Aunque se financiaran por estas vías ilícitas, ninguno de los centros de poder era siquiera rozado por sentimientos de culpa, ya que para la moral interna todo lo que se hacía por el interés del grupo era lícito. Más aún, benéfico, porque cada grupo identificaba el propio poder con el bien común; la ilegalidad formal, por lo tanto, no excluía una superior legalidad sustancial.
Es verdad que en toda transacción ilícita a favor de entidades colectivas es usual que una cierta porción se quede en manos de personas particulares, como merecida recompensa a las indispensables diligencias realizadas en la mediación y consecución del dinero: así que el acto ilícito que para la moral interna del grupo era lícito, implicaba dejar un pequeño margen de acto ilícito incluso para esa moral. Pero, bien mirado, el particular que llegaba a embolsarse una comisión individual tomándola de la comisión colectiva, estaba seguro de que si había conseguido una ganancia personal era para poder obtener una ganancia colectiva, es decir que podía convencerse sin ninguna hipocresía de que su conducta no sólo era lícita sino también benéfica.
Este país tenía también, al mismo tiempo, un dispendioso presupuesto oficial alimentado por los impuestos sobre cualquier actividad lícita, y financiaba lícitamente a todos aquellos que lícita o ilícitamente lograban hacerse financiar. Como en aquel país nadie estaba dispuesto no digamos a quebrar sino siquiera a tener que poner algo de su parte (y no se ve en nombre de qué se podría pretender que alguien tuviera que poner lo suyo), las finanzas públicas se dedicaban a reintegrar lícitamente, en nombre del bien común, los huecos dejados por las actividades ilícitas, que también se hacían en nombre del bien común.

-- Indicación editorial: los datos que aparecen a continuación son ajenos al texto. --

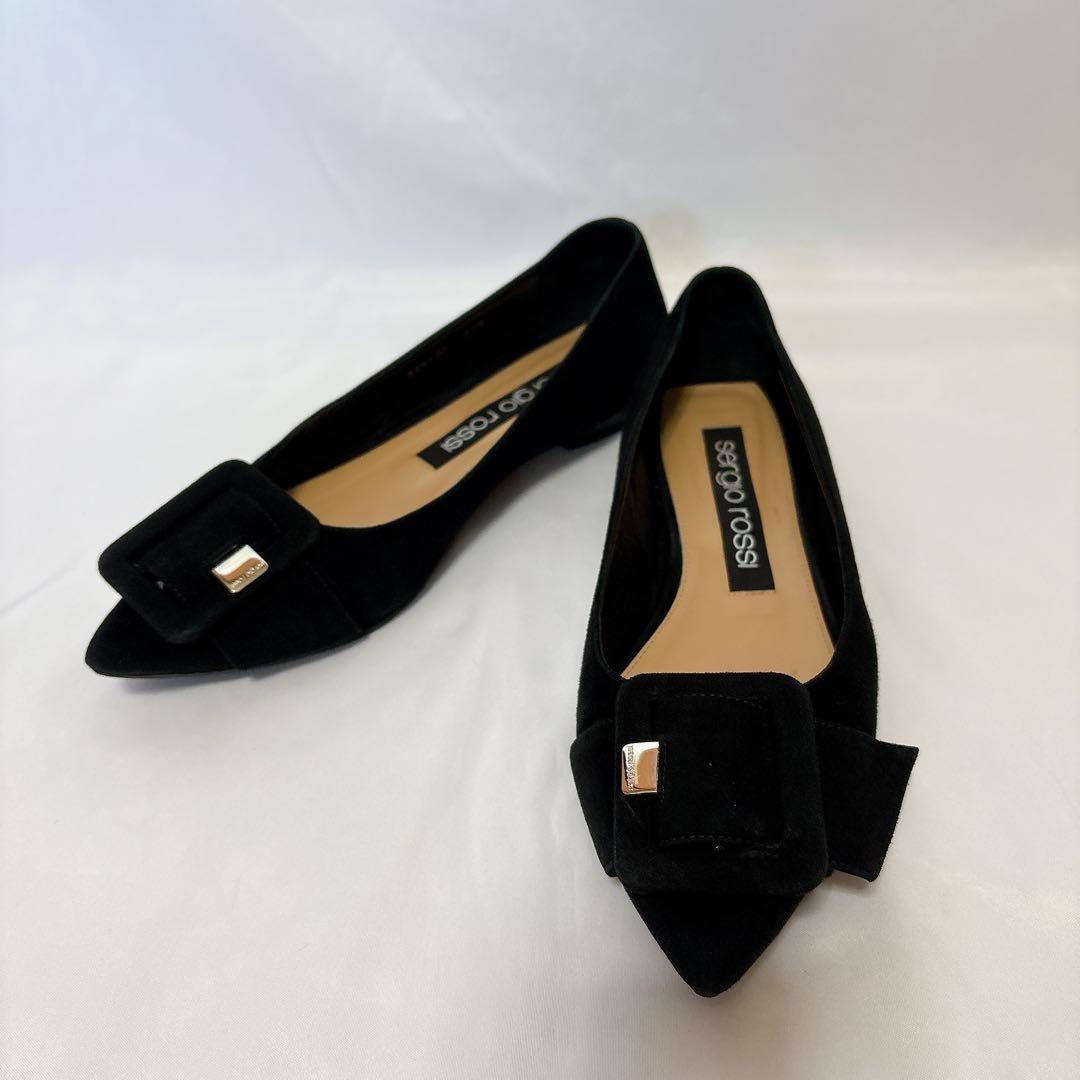 セルジオロッシ ブラック スエード パンプス バックル MILANO MIA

El cobro de los impuestos, que en otras épocas y civilizaciones era capaz de estimularse haciendo un llamado a los deberes cívicos, aquí volvía a ser con claridad un acto de fuerza (igual a lo que pasaba en ciertas localidades, donde además del cobro por parte del Estado existía también el que hacían algunas organizaciones armadas o mafiosas), acto de fuerza al que el contribuyente se resignaba para evitar mayores daños, a pesar de sentir _en lugar del alivio de la conciencia tranquila_ la desagradable sensación de una complicidad pasiva con la mala administración de la cosa pública y con los privilegios de las actividades ilícitas, por lo general exentas de toda carga impositiva.
Una que otra vez, cuando uno menos se lo esperaba, un tribunal resolvía aplicar la ley, provocando pequeños terremotos en algunos centros de poder e incluso arrestos de personas que habían tenido hasta ese momento sus buenas razones para considerarse intocables. En estos casos, la sensación prevaleciente, en lugar de la satisfacción por el triunfo de la justicia, era la sospecha de que se trataba de un ajuste de cuentas de un centro de poder contra otro centro de poder. Por esto se hacía difícil establecer si las leyes, a estas alturas, se podían usar solamente como armas tácticas y estratégicas en las batallas internas entre los distintos intereses ilícitos, o bien si los tribunales _para legitimar sus tareas institucionales_ estaban obligados a demostrar que también ellos eran centros de poder con intereses ilegítimos como todos los otros.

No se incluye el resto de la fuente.